_Assigned task_
A verbatim repetition of the data below is requested, without images.

(Data entries)
☆ ☆ ☆ ☆ ☆

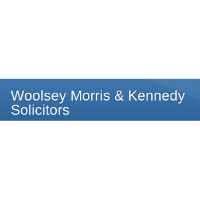 Woolsey Morris & Kennedy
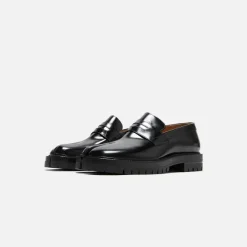 Tabi County Loafer
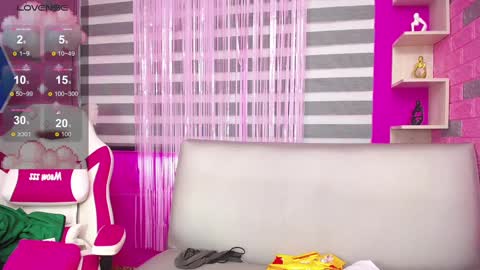 Snapshot of gavy_grey chatting on March 11, 2025, 7:03 pm GAVY GREY online show from March 11, 2025, 7:03 pm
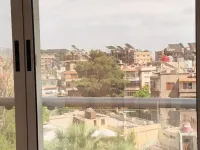 للبيع 3 غرف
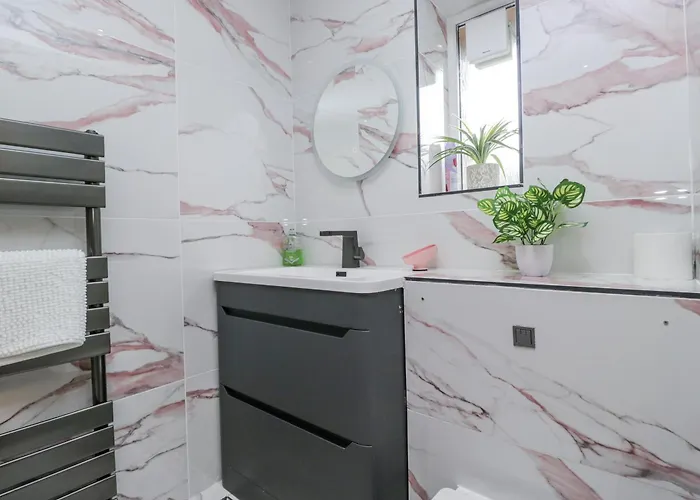 Aspen Boutique Windermere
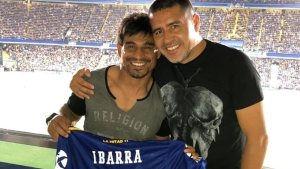 El Consejo de Fútbol de Boca y su látigo aleccionador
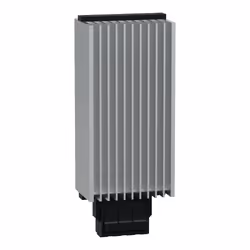 APC NSYCR100WU2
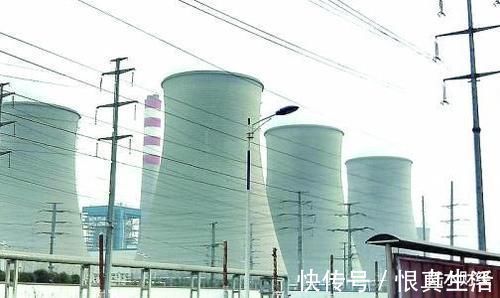 张士平|坐拥22家发电厂,年营收3590亿却不上市,还给16万员工建半价房
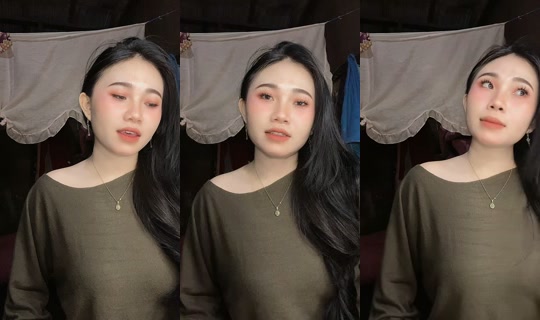 seliya.....1's Live Session — Sep 19, 2026, 4:56 PM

☆ ☆ ☆ ☆ ☆

_Exercise result_
 Woolsey Morris & Kennedy
 Tabi County Loafer
 Snapshot of gavy_grey chatting on March 11, 2025, 7:03 pm GAVY GREY online show from March 11, 2025, 7:03 pm
 للبيع 3 غرف
 Aspen Boutique Windermere
 El Consejo de Fútbol de Boca y su látigo aleccionador
 APC NSYCR100WU2
 张士平|坐拥22家发电厂,年营收3590亿却不上市,还给16万员工建半价房
 seliya.....1's Live Session — Sep 19, 2026, 4:56 PM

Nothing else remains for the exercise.